Records for the exercise START
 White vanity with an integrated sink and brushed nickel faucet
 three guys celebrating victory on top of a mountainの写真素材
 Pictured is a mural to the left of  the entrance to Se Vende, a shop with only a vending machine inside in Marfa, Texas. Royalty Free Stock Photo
Records for the exercise END
Records for the exercise START
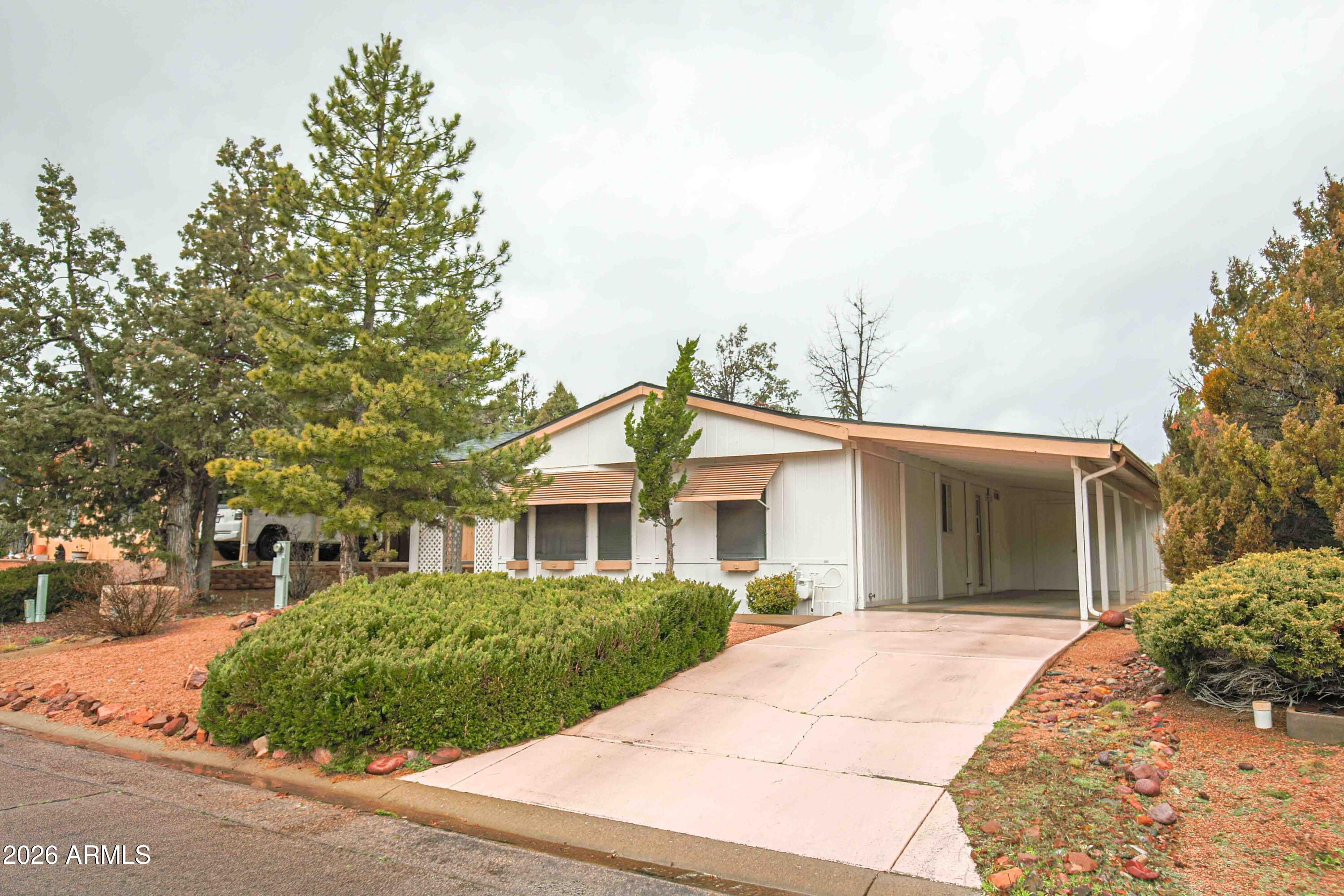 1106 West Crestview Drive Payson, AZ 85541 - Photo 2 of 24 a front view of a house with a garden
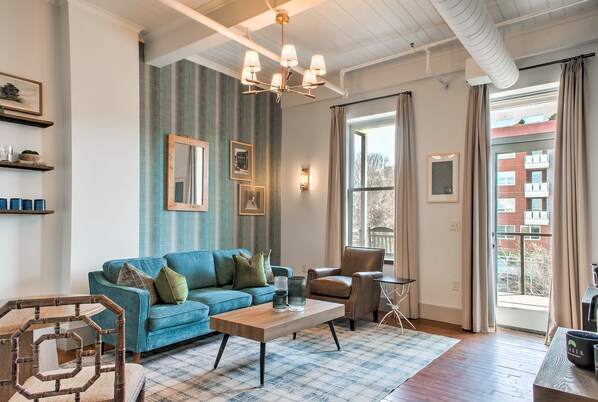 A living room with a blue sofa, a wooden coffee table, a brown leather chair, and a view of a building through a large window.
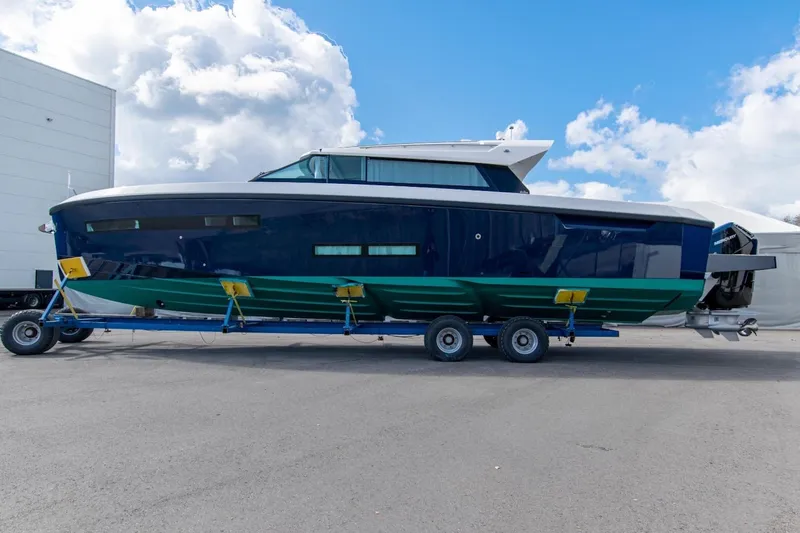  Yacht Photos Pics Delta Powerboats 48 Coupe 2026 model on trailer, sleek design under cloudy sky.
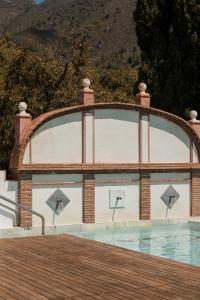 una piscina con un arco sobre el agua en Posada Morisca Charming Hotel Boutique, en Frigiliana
Records for the exercise END
With the line holding "three guys celebrating" as the first and the line holding "Pictured is a" as the last, please transcribe exactly the lines of the material above in that range and nothing else.

 three guys celebrating victory on top of a mountainの写真素材
 Pictured is a mural to the left of  the entrance to Se Vende, a shop with only a vending machine inside in Marfa, Texas. Royalty Free Stock Photo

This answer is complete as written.